**Your goal**
I would like the lines below, from the one with "St Anthony Medal" through the one with "Burgundy Red en", copied exactly and without any pictures.
====== Records for processing ======
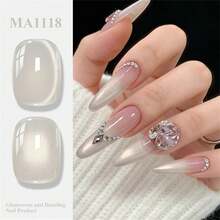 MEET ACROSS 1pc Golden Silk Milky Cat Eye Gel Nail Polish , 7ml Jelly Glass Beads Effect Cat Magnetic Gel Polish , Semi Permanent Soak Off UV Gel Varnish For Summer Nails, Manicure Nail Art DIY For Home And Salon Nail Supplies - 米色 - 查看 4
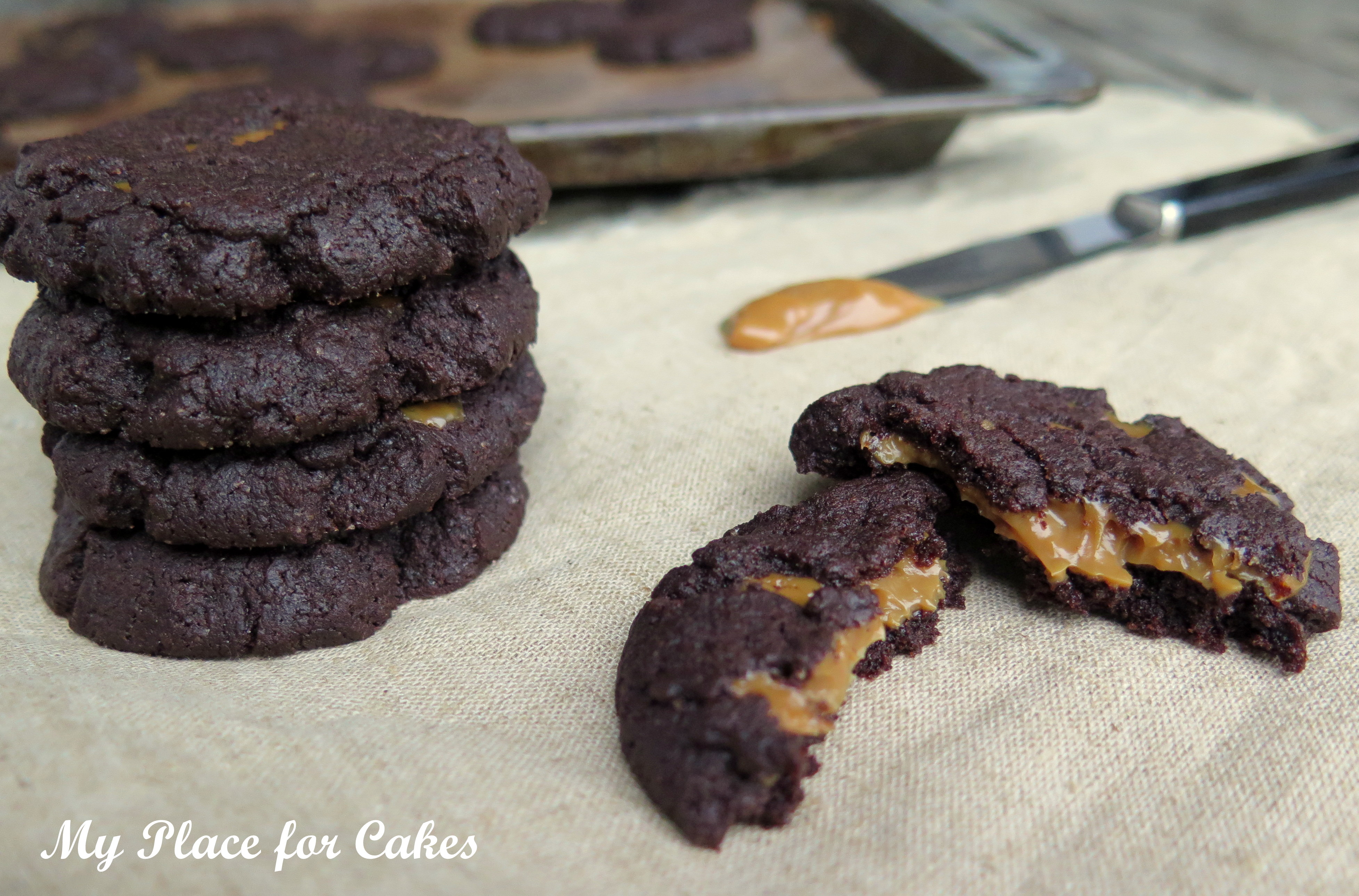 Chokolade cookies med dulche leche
======
====== Records for processing ======
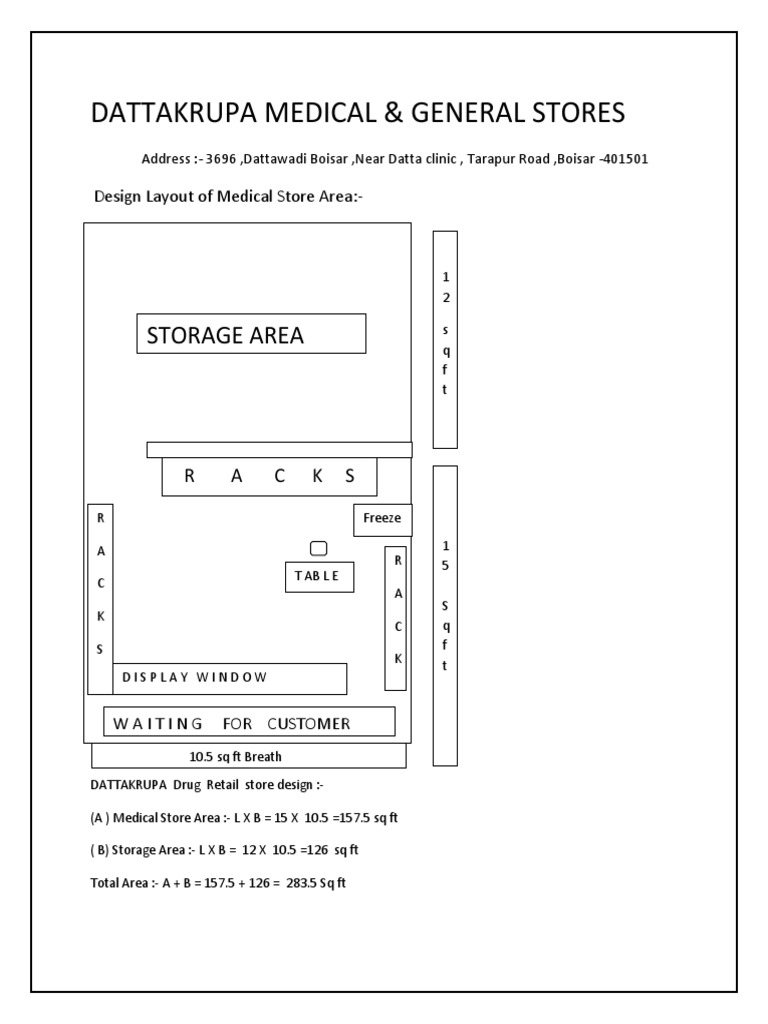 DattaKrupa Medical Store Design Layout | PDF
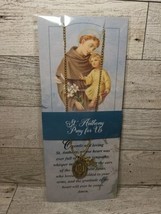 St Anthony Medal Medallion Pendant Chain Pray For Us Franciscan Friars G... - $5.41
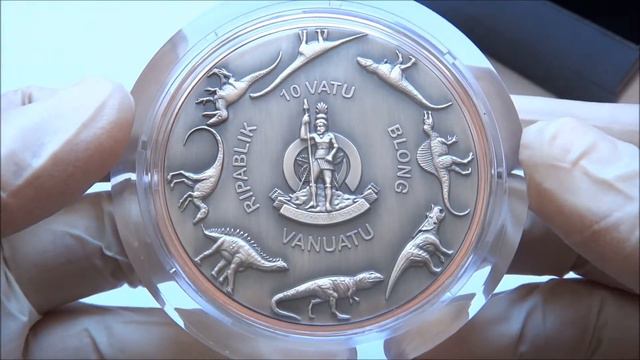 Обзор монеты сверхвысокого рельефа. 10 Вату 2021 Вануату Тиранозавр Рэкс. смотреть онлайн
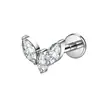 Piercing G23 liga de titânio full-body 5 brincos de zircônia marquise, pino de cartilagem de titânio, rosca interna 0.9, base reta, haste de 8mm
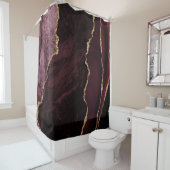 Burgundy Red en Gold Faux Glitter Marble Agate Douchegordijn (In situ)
======
====== Records for processing ======
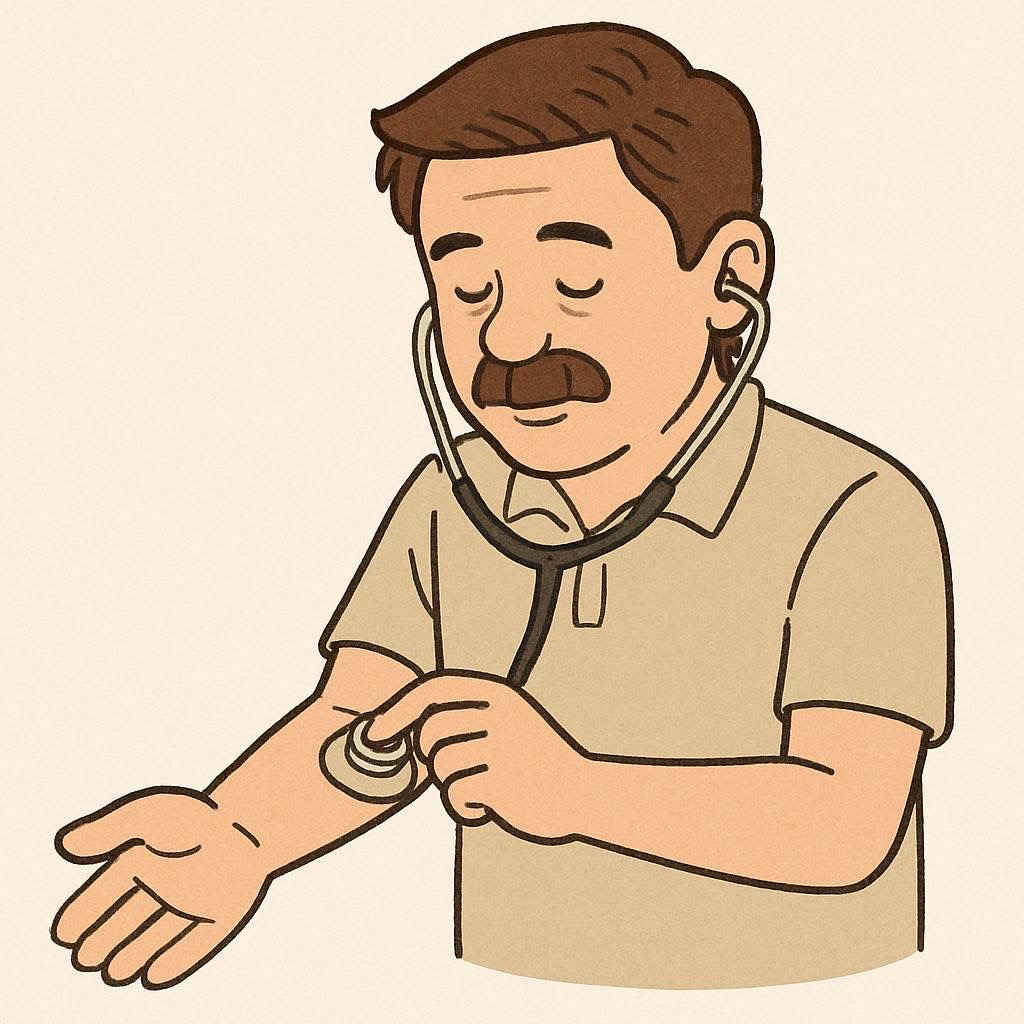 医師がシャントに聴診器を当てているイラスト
======
**Exercise answer**
 St Anthony Medal Medallion Pendant Chain Pray For Us Franciscan Friars G... - $5.41
 Обзор монеты сверхвысокого рельефа. 10 Вату 2021 Вануату Тиранозавр Рэкс. смотреть онлайн
 Piercing G23 liga de titânio full-body 5 brincos de zircônia marquise, pino de cartilagem de titânio, rosca interna 0.9, base reta, haste de 8mm
 Burgundy Red en Gold Faux Glitter Marble Agate Douchegordijn (In situ)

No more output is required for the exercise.